Two years without Nimoy


As I sit here reading through Star Trek birthdays (March and April have quite a few), I realise my one regret in relation to Star Trek is that I never got to meet Leonard Nimoy in person. Leonard whose birthday would have been March 26, was always someone I wanted to meet in person.

By the time I was financially able to go to conventions, his illness had already taken a significant hold. He was no longer doing the convention circuit, much less traveling overseas. The nearest I got was watching a Skype style chat he held for an audience, so essentially he was on a big screen for us, the fans. It was great, but not the same as seeing him in the flesh would have been.


Nimoy and Spock are the reason I got into Star Trek in the first place. I watched the original series on Saturday morning tv and his character enthralled me. Here was an Alien not massively dissimilar to us, which at the time was novel. Films and shows tended to show Aliens as having big eyes, or big heads, claws, tentacles and so on.

He was also a scientist who viewed everything in a unique way, while also professing to be in total control of his emotions ( which we all know he wasn’t ). He was central to most episodes and to Kirks decision making process, plus his wide ranging knowledge helped basically every department on the ship in some way. He was an invaluable member of the crew, in the motion picture he was the one that solved the imbalance with the warp drive, he built a computer using what he basically referred to as Stone Age tools, he also saved the ship and crew members on various occasions. Including one of the most emotional moments in Trek lore, when he died saving the Enterprise. Oh and let’s not forget that beard.


But Spock not only enthralled me because of his immense and wide ranging knowledge, he enthralled me because he could control his emotions. To an extent, I mean some plants opened up emotions to him, As did his friendship with Kirk and McCoy. But for the whole he was in control. He could also use Vulcan techniques to control pain and other body functions. This was what fascinated me. 

At the time of me starting to watch Star Trek, and for several years before & after I was in a very dark place. I used to think to myself if I could do what Spock can, control pain and emotion while thinking of a way out, then I could achieve hope and salvation. I mean the telepathy would have been cool as well, but even my younger self knew that wasn’t going to happen, Mores the pity. 


As the years went by I saw Spock go through Pon Farr, have his brain removed, under go Kolinahr and of course die. But don’t worry (spoiler alert), he gets reborn.
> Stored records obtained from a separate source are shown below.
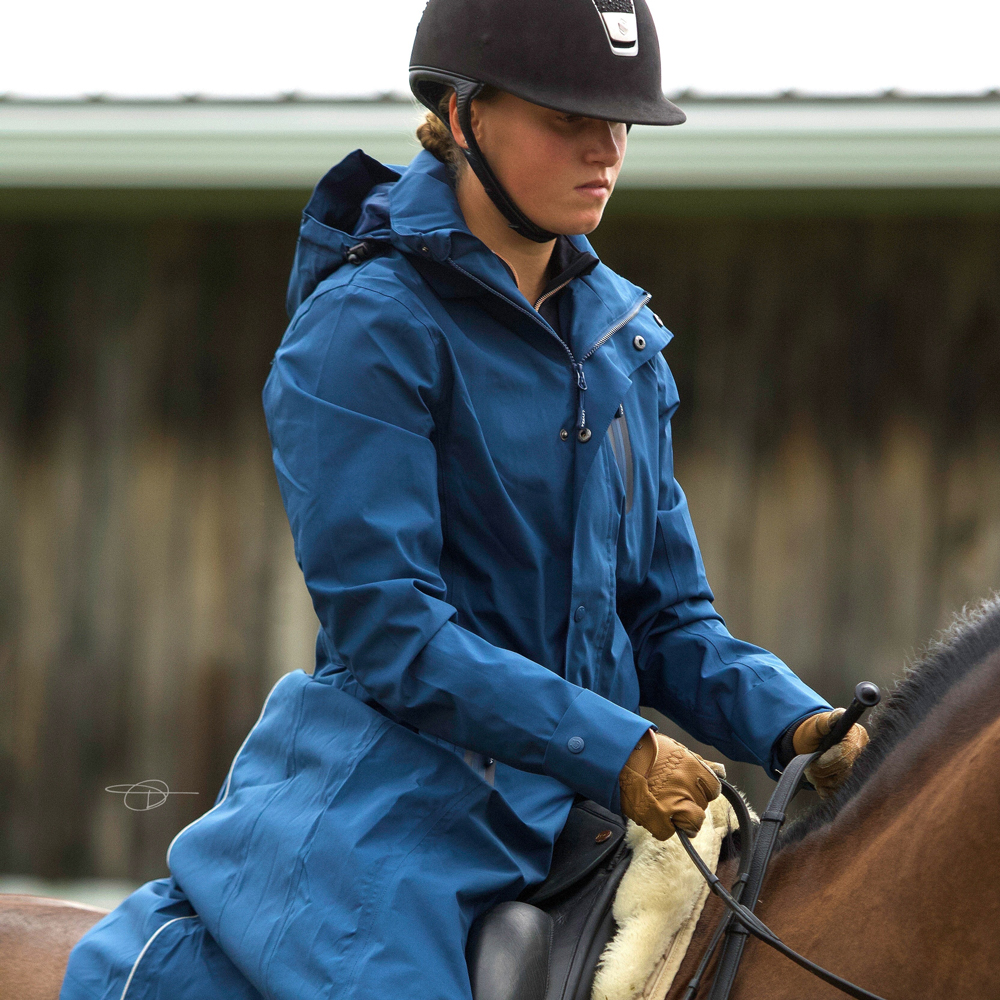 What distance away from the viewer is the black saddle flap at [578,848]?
1.60 meters

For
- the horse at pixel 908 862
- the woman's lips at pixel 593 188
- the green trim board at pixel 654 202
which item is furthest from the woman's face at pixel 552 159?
the green trim board at pixel 654 202

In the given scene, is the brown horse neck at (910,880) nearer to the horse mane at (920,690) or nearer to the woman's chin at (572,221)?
the horse mane at (920,690)

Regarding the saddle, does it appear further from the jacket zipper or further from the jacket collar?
the jacket collar

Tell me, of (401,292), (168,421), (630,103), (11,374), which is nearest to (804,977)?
(401,292)

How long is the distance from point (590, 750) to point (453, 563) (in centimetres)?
37

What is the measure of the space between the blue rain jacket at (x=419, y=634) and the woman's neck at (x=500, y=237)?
0.06 m

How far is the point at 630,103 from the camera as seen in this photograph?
1.65 m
All the time he was Spock, all the time. Even when his emotions where compromised by outside forces, he was still Spock. Still an inspiration to me, still a beacon of logic and light. 

Leonard Nimoy and his portrayal of Spock didn’t just inspire and give me hope though, thousands of people now openly admit they are scientists of one type or another because of Spock. 

 Fred Guterl, Executive Editor of Scientific America wrote ;

“I was eight years old when I first got to know Leonard Nimoy, the way many people did, as Spock on the original Star Trek series. The airing of the first episode on our black and white television was an event in my household. I was an instant and forever fan. Although the flamboyantly emotional William Shatner drew more attention, I was deeply impressed by the idea, embodied in the character that Nimoy brought to life, that science is truly the best adventure. That was plain to me even then, thanks to Nimoy.”

There are countless scientists all over the world who would tell you that Mr. Spock was their first favorite scientist. Einstein and Hawking would come later for them, but the dispassionate Vulcan continues to inspire tomorrow.

Leonard Nimoy may be responsible albeit indirectly, for some great steps taken in the sciences because of his portrayal of Spock

Incidentally researchers who met Leonard  are always desperate to give him lab tours and explain the projects they’re pursuing in peer-to-peer terms. Mr. Nimoy would nod sagely and say to each one, “Well, it certainly looks like you’re headed in the right direction.”

 

Also as a side note, the popular comedy Big Bang has a massive Star Trek connection and Mayim Bialik, who plays Amy Farrah, is  Dr. Bialik as she has a Ph.D. from U.C.L.A. in … neurobiology. “I tell people, I am a neuroscientist, and I play one on TV,” said Dr. Bialik.


Spock and Nimoy are an inspiration. Having just moved past what would have been his birthday, I find myself thinking about what a great character we have lost as well as a phenomenal actor. Without Spock, I would not be who I am today. I would not have been sucked into Star Trek like I was. With out Spock I would not have had a successful podcast, I would not have been able to retreat into my imagination or hang onto the utopia of what Trek portrayed in the dark. I would not have some of the friends or acquaintances around the world that I have, I wouldn’t be playing Star Trek online or even tried a whole host of other Trek related games, books, articles and collectibles, In fact I wouldn’t even have this blog. 

So Mr Nimoy and by association Mr Spock, I hope that on some celestial level you realise how grateful I am for what you did for me, for others and I am sure your proud of how Zachary is now portraying Spock. 


I lament your passing Leonard, but I hope as I am sure you do that Spock, Lives Long and prospers.